The global AI chips market is expected to reach $257.6 billion by 2033, according to IDTechEx. The market researcher also projects the global AI chips market for edge devices to grow to $22 billion by 2034, driven by consumer electronics, industrial and automotive applications.

RISC-V processors are also making headway into edge AI, with chip shipments reaching 129 million by 2030, according to ABI Research.

The latest processor technologies focus on providing higher integration, improved performance and lower power consumption, while delivering greater flexibility, scalability and ease of design. Still, the overriding goal is to make it easier for engineers to integrate these improved and more complex devices into their new product designs. Also, many of these devices are cost- and performance-optimized for specific applications, so designers don’t pay for performance that is not required for their designs.

Here is a sampling of those product launches.

Accelerating edge AI

New edge AI processors and platforms are meeting AI/ML workload demands by focusing on the biggest challenges, which include providing enough compute capabilities for the specific application, along with power efficiency, power consumption and security. These are all critical in edge devices from consumer wearables and smartphones to industrial IoT, smart-home devices and intelligent vehicles.
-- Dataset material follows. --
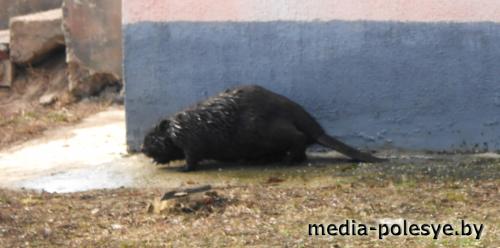 Бобры на Полесье совсем обнаглели Бобры на Полесье совсем обнаглели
Alif Semiconductor’s Balletto MCUs.

Alif Semiconductor’s Balletto MCUs (Source: Alif Semiconductor)

Alif Semiconductor has launched its Balletto family, claiming the industry’s first Bluetooth Low Energy (BLE) and Matter wireless MCU with a neural co-processor for AI/ML workloads. The new Balletto MCUs leverage the company’s advanced MCU architecture, which uses DSP acceleration and the dedicated NPU for low-power execution of AI/ML workloads, and its aiPM power management technology, which can dynamically power only the logic and associated memory that are in use to deliver the lowest overall system power consumption. The aiPM technology offers four system level power modes including a stop mode that draws just 700 nA.

The Balletto MCU, housed in an ultra-small WLCSP package, supports AI/ML functions such as speech recognition, adaptive noise cancellation, vocal targeting and beam forming in true wireless stereo (TWS) earbuds, and sensor fusion in lifestyle wristbands and other types of space-constrained devices.

The Balletto chip includes the Arm Cortex-M55 core, which achieves an EEMBC CoreMark score of 704 at 160 MHz, with the Arm Helium M-profile vector extension (MVE), providing a 500% improvement in DSP performance. It also features an Arm Ethos-U55 Neural Processing Unit (NPU), which can perform up to 46 GOPS and a 2-MB tightly coupled memory (TCM).

Alif said the neural network processing performance is up to 15× better than a Cortex-M4 processor, which benefits audio encoding/decoding functions.

In addition, thanks to its own separate processor and memory, Balletto’s radio supports concurrent Bluetooth LE 5.3 and Thread operations via a single on-chip antenna, enabling use in home automation networks and systems that support the Matter protocol. Other features include receive sensitivity of -101 dBm, a dual-PA architecture, up to 77 GPIOs and advanced algorithms to help with interference avoidance from other devices and coexistence with the other protocols sharing the 2.4-GHz frequency band.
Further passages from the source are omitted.